YOUR TASK:
Look below for the line containing "Cover of Issue #1718"; from there, print each line exactly up to and including the line containing "Gymshark Critical Tank - White", and stop.

TASK INPUT:
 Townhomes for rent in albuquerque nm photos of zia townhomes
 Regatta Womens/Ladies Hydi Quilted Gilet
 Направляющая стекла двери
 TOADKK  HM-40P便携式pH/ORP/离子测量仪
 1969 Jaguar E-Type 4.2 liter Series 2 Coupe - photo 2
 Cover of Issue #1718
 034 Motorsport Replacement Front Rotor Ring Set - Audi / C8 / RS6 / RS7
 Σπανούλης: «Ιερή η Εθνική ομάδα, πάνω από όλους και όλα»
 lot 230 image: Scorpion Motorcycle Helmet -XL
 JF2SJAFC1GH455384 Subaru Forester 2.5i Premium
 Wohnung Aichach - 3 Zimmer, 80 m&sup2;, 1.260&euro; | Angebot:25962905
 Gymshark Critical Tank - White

--

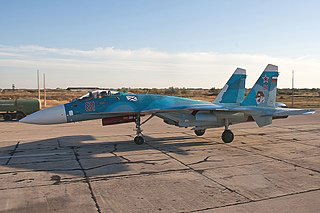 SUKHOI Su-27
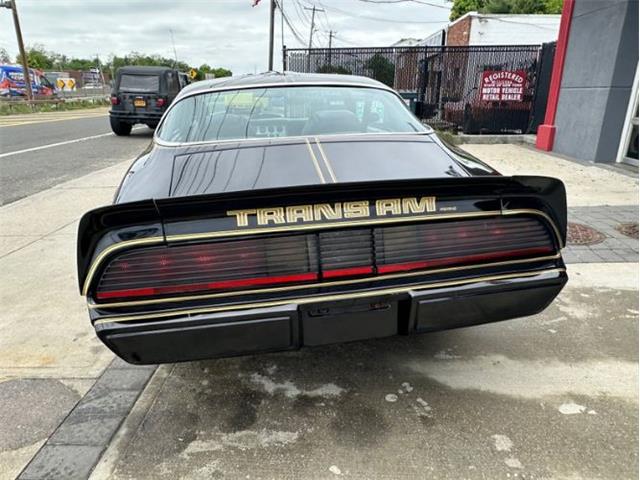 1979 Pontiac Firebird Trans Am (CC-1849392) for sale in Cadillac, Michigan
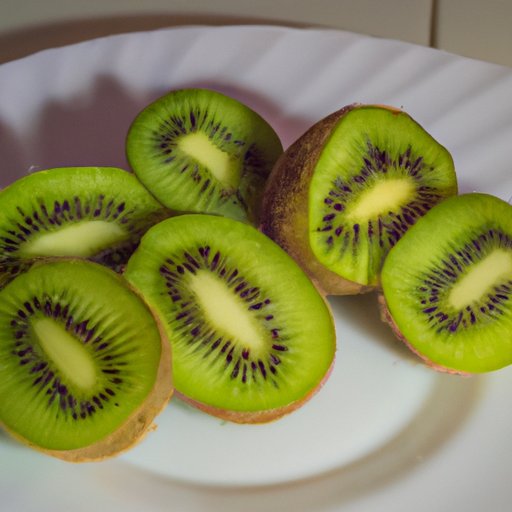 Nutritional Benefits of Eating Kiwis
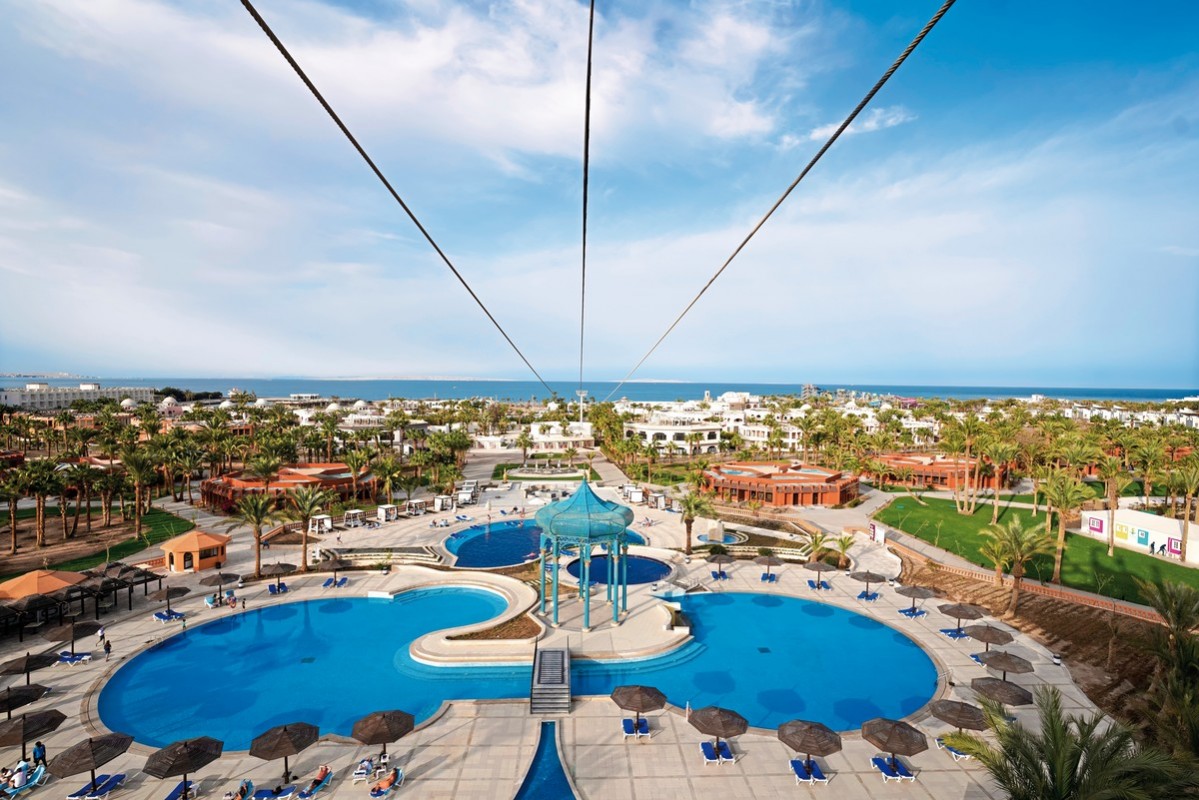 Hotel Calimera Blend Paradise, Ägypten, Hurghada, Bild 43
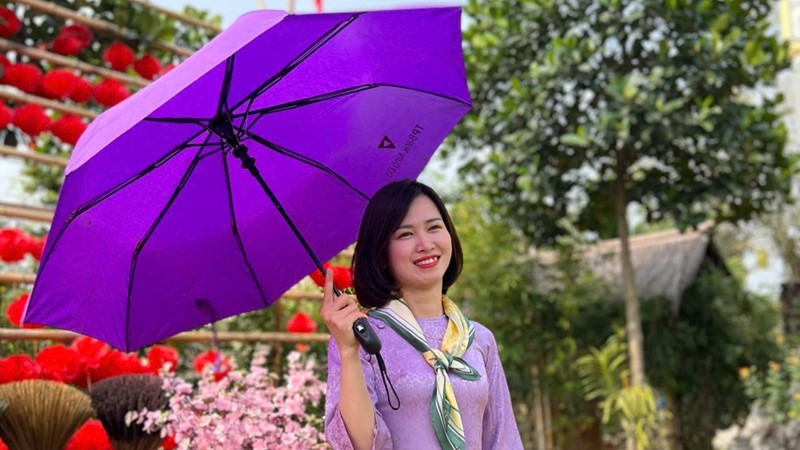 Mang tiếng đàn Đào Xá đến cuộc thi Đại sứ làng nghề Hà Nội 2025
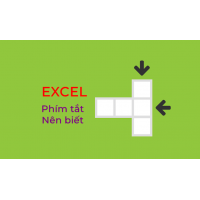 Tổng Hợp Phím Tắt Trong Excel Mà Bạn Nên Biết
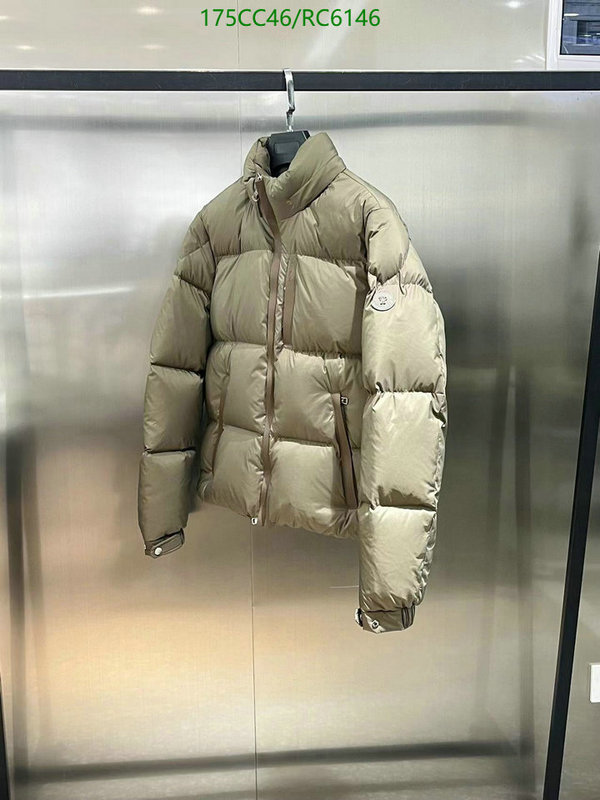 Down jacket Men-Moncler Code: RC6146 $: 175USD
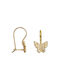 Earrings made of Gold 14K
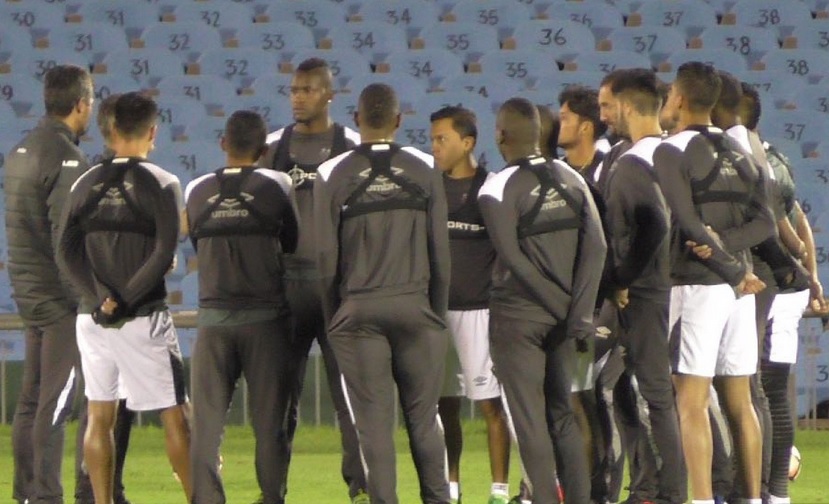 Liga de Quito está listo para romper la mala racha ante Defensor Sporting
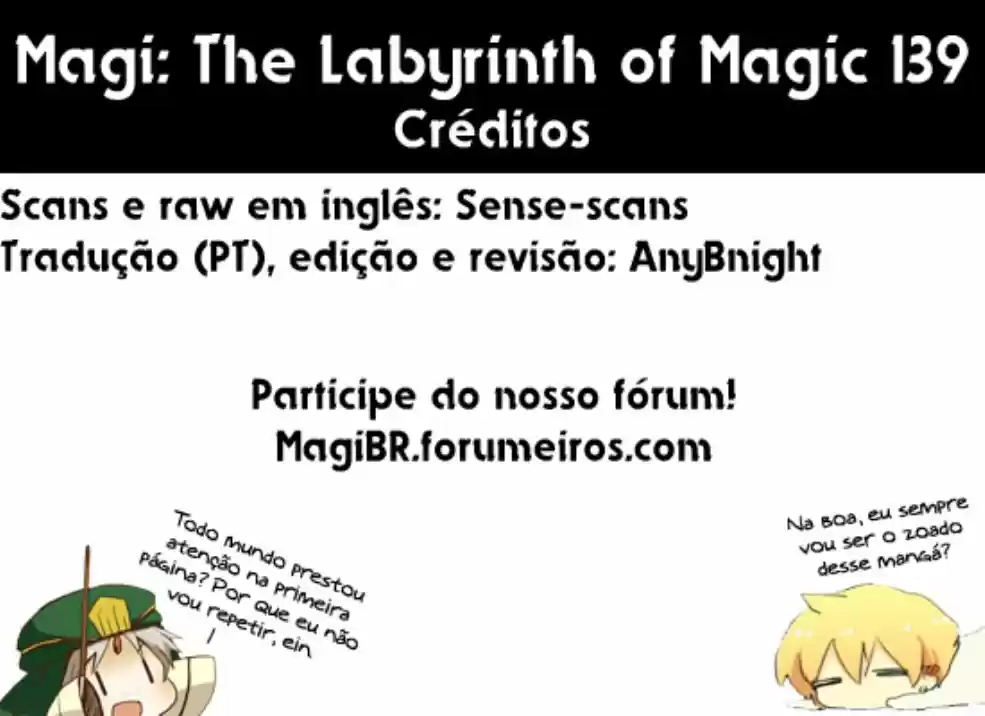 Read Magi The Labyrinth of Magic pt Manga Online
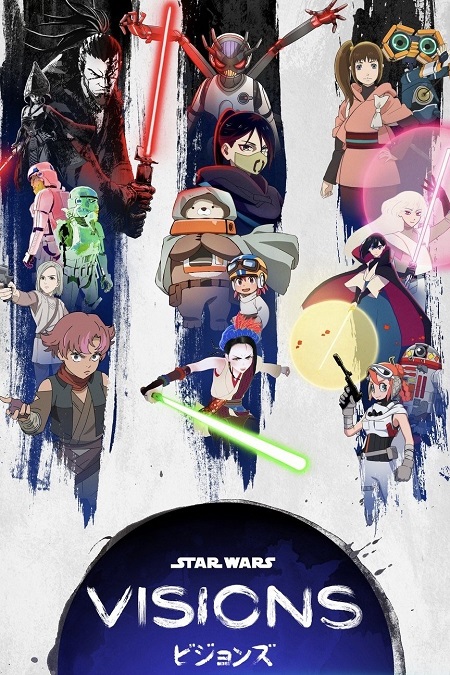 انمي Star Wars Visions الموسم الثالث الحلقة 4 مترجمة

RESULT:
 Cover of Issue #1718
 034 Motorsport Replacement Front Rotor Ring Set - Audi / C8 / RS6 / RS7
 Σπανούλης: «Ιερή η Εθνική ομάδα, πάνω από όλους και όλα»
 lot 230 image: Scorpion Motorcycle Helmet -XL
 JF2SJAFC1GH455384 Subaru Forester 2.5i Premium
 Wohnung Aichach - 3 Zimmer, 80 m&sup2;, 1.260&euro; | Angebot:25962905
 Gymshark Critical Tank - White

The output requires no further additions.